川中島合戦で武田側の不利な点は、上杉より決戦場である川中島に遠いという点があります。この距離の不利を補うための戦略拠点が海津城であり、もし海津城を上杉側が奪取すれば長野盆地の支配権は大きく上杉側に傾く事になります。ですから謙信も戦略目標として海津城の存在を重く捉えていたと考えますし、現実の合戦も海津城の存在が重くあるように感じます。

海津城の奪取を戦略目標としても、謙信にしても真っ直ぐ襲いかかる訳には行きません。海津城の防御戦術は、上杉軍が南下してきても、甲斐本国からの救援部隊が駆けつけるまで守り抜けばOKです。謙信にしても数日で落城させる事が出来れば良いのですが、とてもそういう訳には行かず、武田の主力軍が北上するまでに落城させても痛手を負った状態で決戦しなければなりませんし、奪取できなければ海津城と武田主力の挟撃にあう危険性が生じます。

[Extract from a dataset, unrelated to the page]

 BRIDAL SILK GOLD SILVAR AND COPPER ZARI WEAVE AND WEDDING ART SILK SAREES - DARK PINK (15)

つまりと言う程の事はないのですが、海津城奪取の戦略には武田軍主力を撃退するというのが必要で、逆に武田軍主力を撃退すれば海津城は救援の可能性がなくなりますから、容易に奪取は可能と考えたたのではないかと思っています。川中島に上杉が進撃すれば必ず武田が呼応しますから、これを一蹴し、その後に海津城を奪取し、長野盆地の支配権を上杉の手に握りたいの戦略です。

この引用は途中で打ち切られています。